Être directrice des affaires juridiques des ministères économiques et financiers au moment de la dématérialisation de la commande publique représente une formidable occasion de voir en quoi le droit peut ­participer à la simplification et à l'allégement des ­formalités pour les acteurs de la commande publique. Les enjeux sont majeurs pour l'économie d'un pays comme la France où la commande publique représente plus de 100 Mds€. Mon rôle est de mettre en place une organisation destinée à accompagner cette transformation.

Vous venez de publier la feuille de route sur la dématérialisation, celle-ci est développée en cinq axes et 19 actions. Quels sont, selon vous, l'axe et l'action prioritaires ?

Pour les acheteurs, la priorité est de s'équiper d'un profil d'acheteur. Plusieurs possibilités existent : ­adhérer à des structures, souvent régionales, de mutualisation de profils d'acheteurs, en créer de ­nouvelles là où il n'en existe pas, s'adresser à des éditeurs de profils qui développent une offre "clés en main".

Pour l'État, la priorité est de mettre à disposition des acheteurs et des entreprises la solution mutualisée nationale "Service Dume", à compter du 1er avril 2018. À partir de cette date, l'acheteur devra accepter la ­candidature d'une entreprise sous forme de Dume électronique. L'utilisation du Dume permettra de diminuer la charge administrative des entreprises en généralisant le dispositif "Dites-le-nous une fois".

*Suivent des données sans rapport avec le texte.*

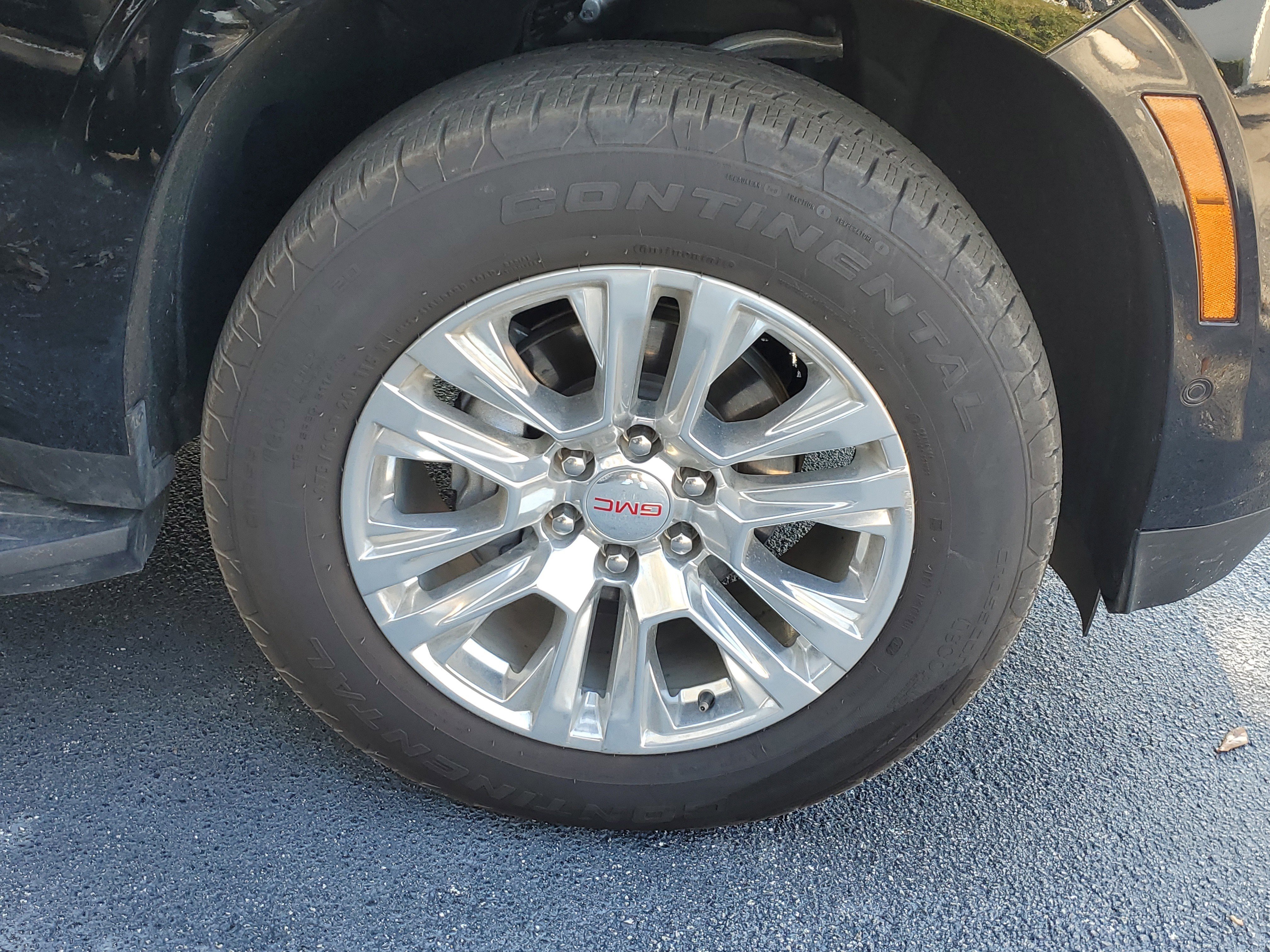 Used 2025 GMC Yukon Denali image 4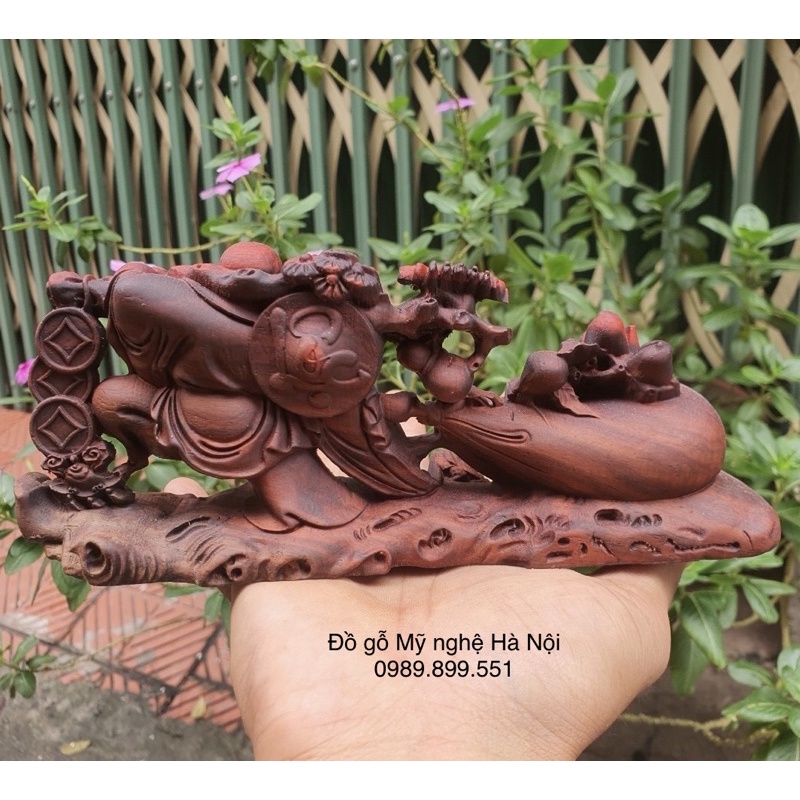 Tượng Phật di lặc để xe ô tô gỗ trắc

La création d'avis nationaux simplifiés de publicité et de formulaires dématérialisés permettra d'entreprendre la dématérialisation dès le début d'une procédure. L'idée est de pouvoir, à terme, utiliser automatiquement les données de l'avis de publicité dans les stades ­ultérieurs, évitant les ressaisies et les risques d'erreur. La présentation de formulaires électroniques ­standardisés permettra aussi le traitement automatisé des avis de publicité, facilitant le travail de recherche des entreprises.

Les priorités 2018-2020 du plan de transformation numérique

Mettre en place une gouvernance nationale

Développer les compétences

proposer des avis nationaux simplifiés

Simplifier les modes de candidature


Le MPS va-t-il coexister avec le DUME ?

Le MPS a été un terrain d'expérimentation du dispositif "Dites-le-nous une fois" et a montré la capacité d'innovation de la France. Certes, le Dume comporte des rubriques plus nombreuses, mais il s'agit d'un formulaire européen, compatible dans tous les pays de l'Union européenne. Surtout, sa gestion dématérialisée simplifiera son utilisation. Le MPS coexistera avec le Dume jusqu'en 2019, le temps de l'appropriation de ce dernier par les acheteurs et les entreprises. Nous mettrons à disposition, avec l'AIFE, tous les moyens nécessaires à une appropriation progressive de l'outil.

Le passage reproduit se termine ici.